At present, the spu_run syscall (used to run a SPU context) blocks until the SPU program has exited (or some other event has happened, such as a non-serviceable fault). This means that to take advantage of the SPUs, you really need to start a new thread for each SPU context that you create, otherwise your application will be sitting around waiting for each SPU context to complete.

In fact, we have an invariant in the spufs code at the moment that only contexts that are currently being spu_run will ever be runnable (and, at the moment, schedulable).

Ben H and I have been chatting about some ideas about asynchronous spu contexts. This means that the userspace app can start the context, then later retrieve the status of the SPU context (to see if it has stopped, faulted, or whatever). We can then use standard POSIX semantics like poll() to see if a context is still running or has generated any "events", then handle these events when they become available.

In effect, this is similar to spu_run: currently, the spu_run syscall runs the SPU, then blocks until an event happens, which is then returned to userpsace as the return value of spu_run.
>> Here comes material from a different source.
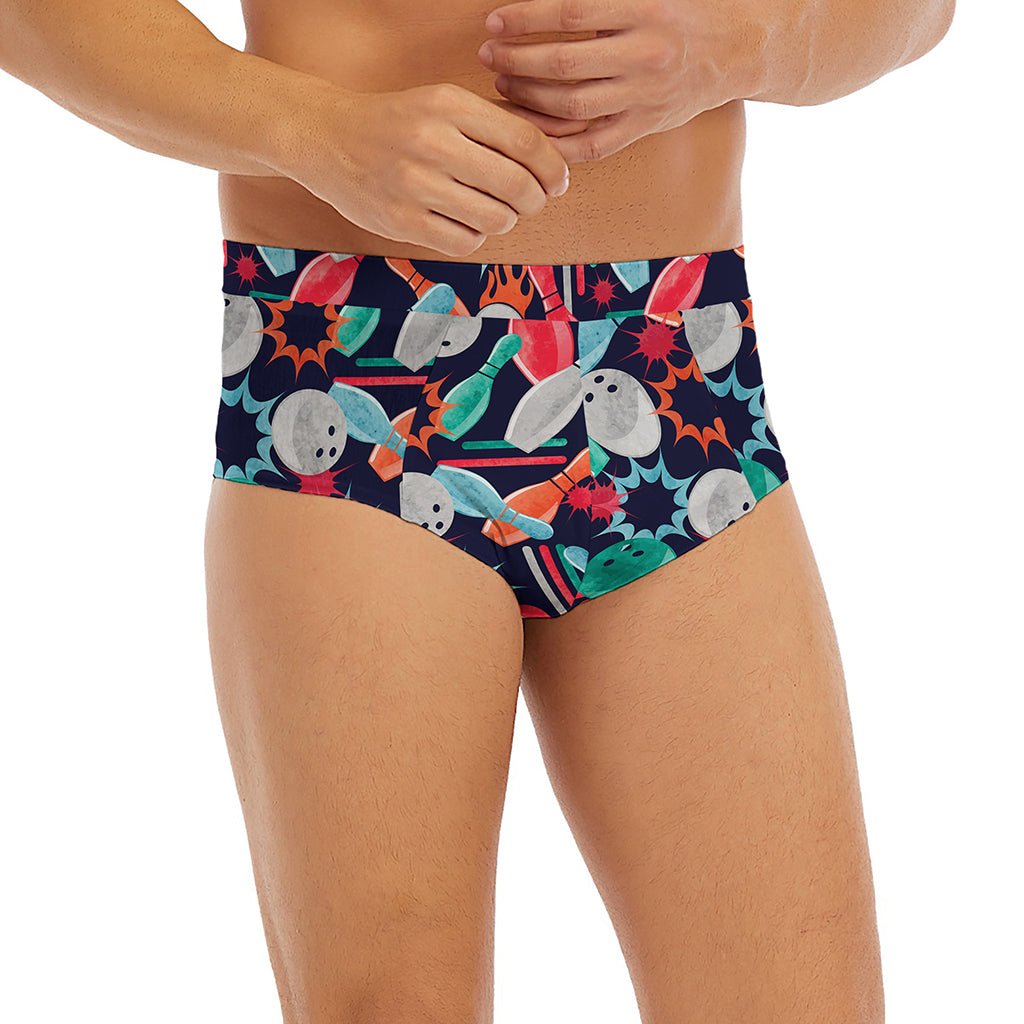 Watercolor Bowling Theme Pattern Print Men's Briefs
The main difference is that we don't block in the kernel while the SPU is running.

So, I've been coding up an experimental change to spufs. Firstly, we have to explicitly tell the kernel that we want a context to operate in asynchronous mode, so I've added a new flag to the spu_create syscall: SPU_CREATE_ASYNC.

I've opted for a file-based interface to these asynchronous contexts - SPU events are retrieved by reading from a file. Contexts that are created with the SPU_CREATE_ASYNC flag have an extra file present (called something like "event") in their context directory in the spufs mount. Reading from this file allows applications to retreive events that the SPU program has raised.

We need to define a format for the data read from this events file, so here's something to get started with:

struct spu_event {
	uint32_t event;
	uint32_t status;
	uint32_t npc;
};

- where the event member specifies which event happened - a stop-and-signal for example.

The status and npc members return the status of the SPU and the next program counter register, respectively. While not strictly necessary (this information is available from other files in spufs), it's very likely that the application will need these values in order to handle the event.

So, users of this interface may look something like this:

uint32_t npc = 0;
struct context {
        int fd;
        int event_fd;
} context;

/* create the context */
context.fd = spu_create("/spu/ctx", NULL, SPU_CREATE_ASYNC);

/* open the events file */
context.event_fd = openat(context.fd, "event", O_RDWR);

/* start the context running. unlike the spu_run syscall,
 * this function does not block for the duration of the
 * spu program */
run_context(&context, npc);

for (;;) {
        struct spu_event event;

        /* get the next event caused by the SPU */
        read(context.event_fd, &event, sizeof(event));

        if (event.event == SPU_EVENT_STOP)
                break;

        /* handle other event ... */
}

Note that the userspace examples here are not what we'd present to Cell application developers. They're more low-level examples of how the new asynchronous kernel interface works. In fact, the changes could be completely transparent to applications which use the libSPE interface.

This isn't far from the API provided by the current spu_run syscall, except that we're not waiting in the kernel while the SPU is running.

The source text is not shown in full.